Following years of debate, the full-time MBA program at the UCLA Anderson School of Management will transition from state-supported to self-supporting status, Inside Higher Ed has reported. This change means the MBA program will forgo state subsidies in exchange for less regulation from the top and the ability to set its own tuition rates.
The shift may not be as dramatic as it sounds, given the fact that the state only funded about 18 percent of the business school’s operations. Going forward, the Anderson School will now have to pay UCLA for maintenance and overhead expenses.
Long-term trends in the California budget forecast a high likelihood of decline in state support for higher education. Jami Jesek, the senior associate dean of finance and operations at the Anderson School, told Inside Higher Ed, “UCLA Anderson proposed this plan to avoid any additional cuts in state funding while increasing predictability in setting fee levels and flexibility to faculty assignments.”

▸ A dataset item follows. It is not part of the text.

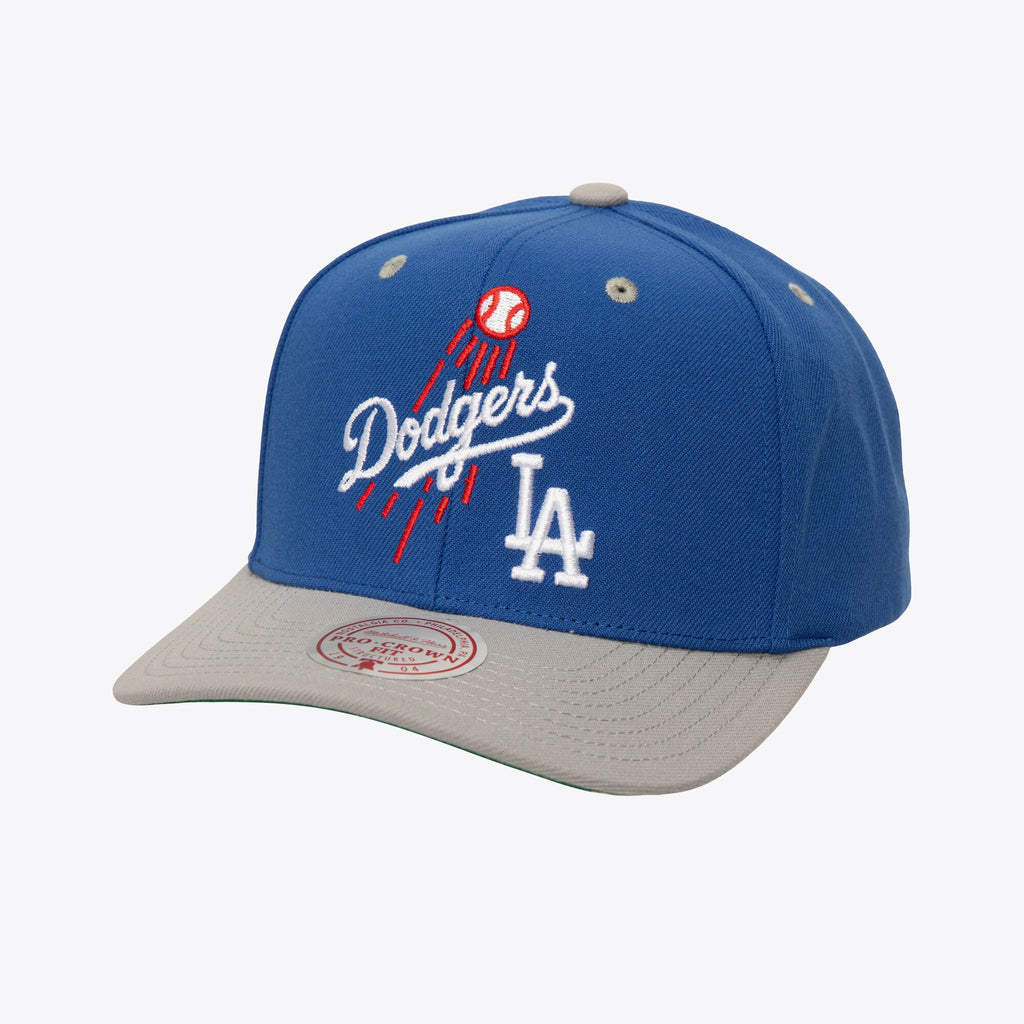 Mens Mitchell & Ness MLB ALL IN 2.0 PRO SNAPBACK DODGERS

UCLA Anderson will now have greater control in hiring faculty and determining salary levels. Fees for the full-time MBA program will inevitably increase with this change, but a memorandum of understanding signed by UCLA Anderson dean Judy Olian asserts that the program will ensure that financial aid offerings remain at levels “at least commensurate with current levels.”
Jesek, meanwhile, told Inside Higher Ed, “We intend to increase, not decrease, financial aid in the coming years and are, in fact, making it a primary goal of our five-year Centennial [fund-raising] Campaign.”
Chicago Booth School of Business dean Sunil Kumar, an outside reviewer of the transition, predicted that an increase in private donations would allow UCLA to provide even more merit and need-based scholarships. “In my assessment there is very little doubt that on both quality and on access the Anderson School will be significantly better off under self-supporting status than it has been under state funding.”